Le libre arbitre, c’est la possibilité de choisir le bien ou le mal. C’est ce que la République française appelle, entre autres, la liberté d’expression. On peut publier des caricatures insultantes pour les musulmans et pour tout croyant. On est libre ! Mais, pour nous chrétiens, la liberté ne peut pas consister à choisir le mal. Car, tout simplement, le mal nous emprisonne, nous met littéralement en prison, nous prive de liberté. Le mal aliène l’homme, pour parler à la manière de la philosophie. Celui qui fait le mal entre dans un processus qui l’abîme et le détruit. Et donc dans un processus qui détruit sa liberté. Seul le choix du bien fait vivre et grandir. Seul le choix du bien libère.

Mais, il y a autre chose qui nous met en contradiction avec les idéologies de notre temps. Aujourd’hui, on proclame la liberté comme un droit, et c’est bien, mais on dit en même temps que l’homme est libre. Sans doute est-il libre comme sujet de droits. Mais, est-il libre au sens où il est sans préjugés, sans conditionnements, sans penchants mauvais ? Qu’il dispose de lui-même sans contraintes intérieures ?

En fait, l’homme peut, certes, choisir le bien, mais il est fortement enclin au mal et d’abord à l’égoïsme.

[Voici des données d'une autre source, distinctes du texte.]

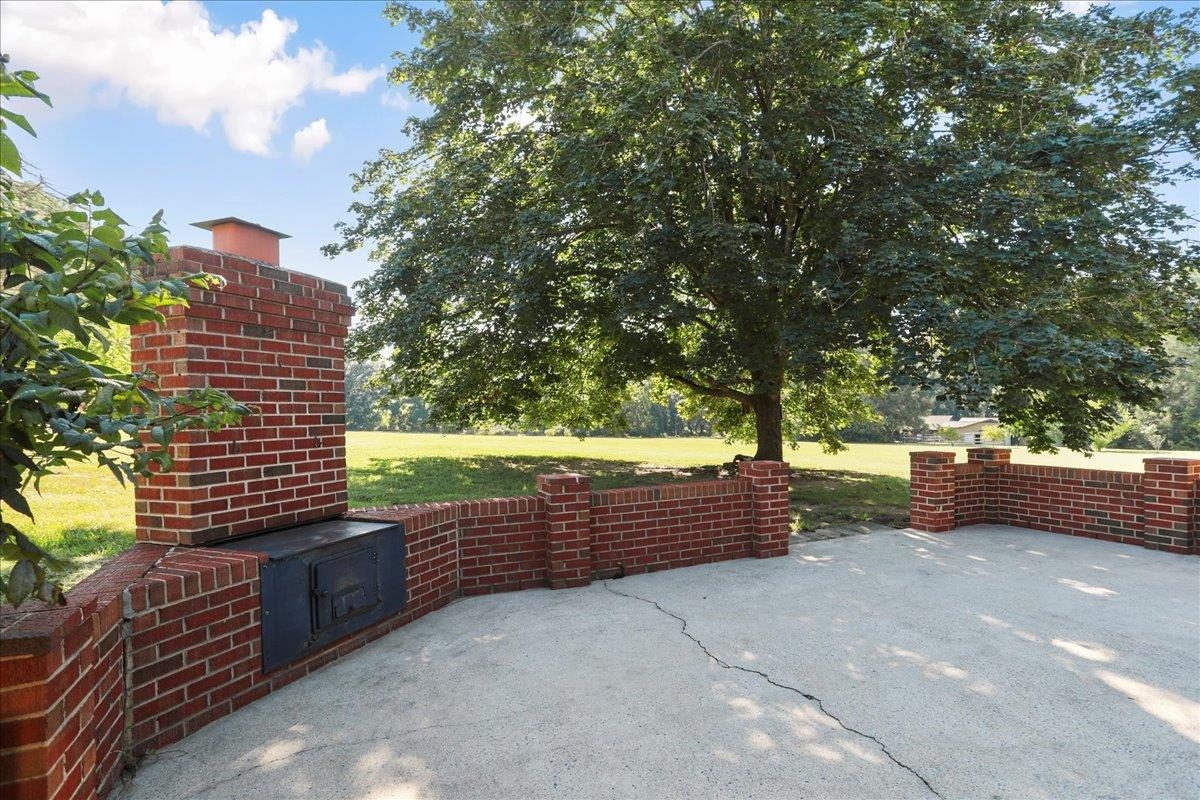 3634 N EAST SIDE HWY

On pense d’abord à soi ! Et donc la liberté de l’homme est blessée et doit être soignée. On peut dire que le premier acte du salut que le Christ réalise est de guérir notre liberté blessée. Guéri par le Christ, par l’action de son Esprit qui sanctifie, je vais pouvoir réaliser ce que je suis : vivre en enfant de Dieu. En enfant de Dieu, et non en esclave du mal !

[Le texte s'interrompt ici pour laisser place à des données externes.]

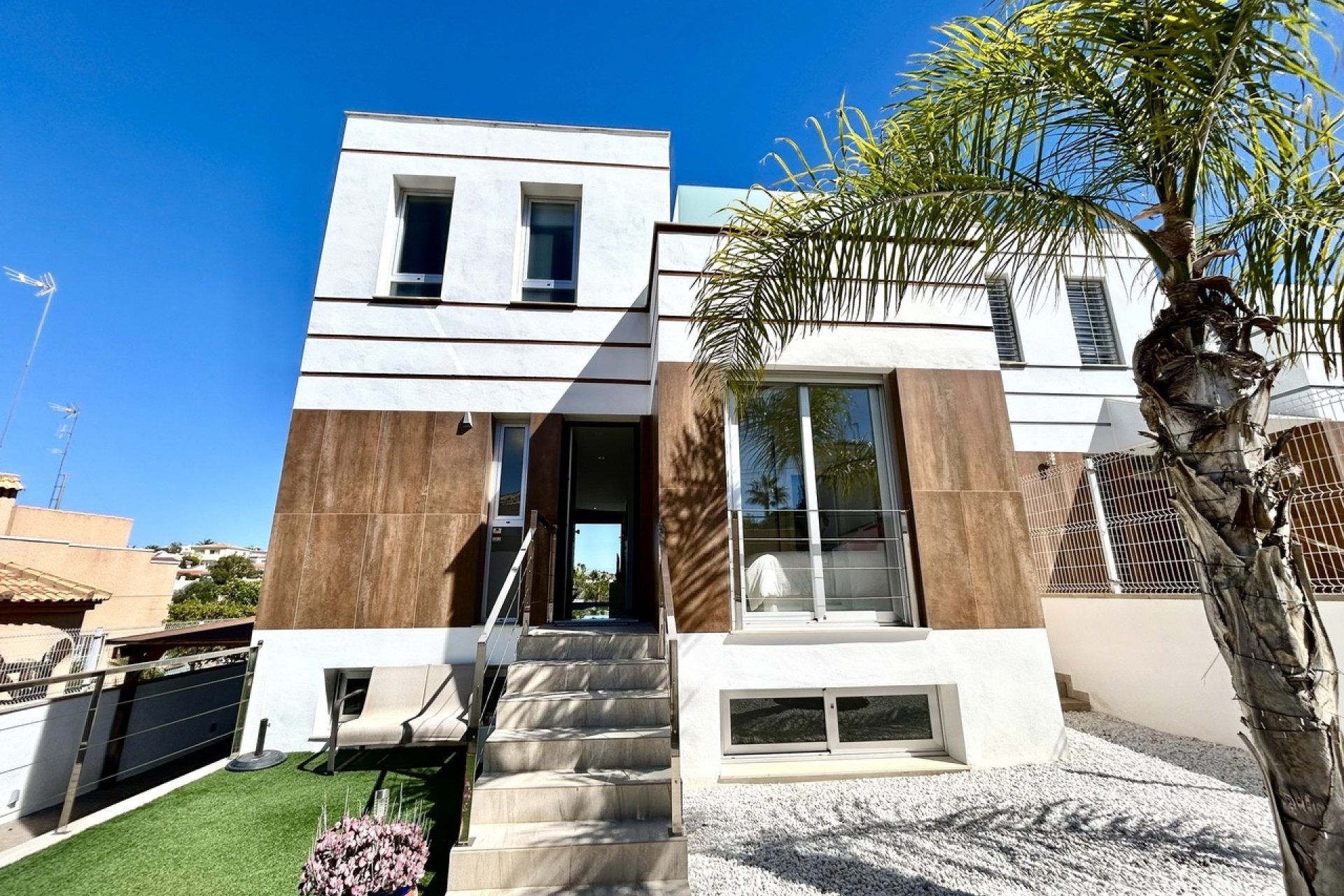 Herverkoop - Villa -
Villamartin - Costa Blanca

Marie a pleinement vécu cela. Elle, dont la conception est immaculée, a donné son oui avec une liberté parfaite et une joie parfaite !

Frères et sœurs, de manière différente de Marie, mais très réellement, nous sommes sollicités pour « porter » Jésus. Faisons le choix de la liberté véritable, détachons-nous des liens du péché et disons joyeusement « oui » au Seigneur. Puisque nous allons célébrer la naissance du Fils de Dieu, vivons en enfants de Dieu ! Amen.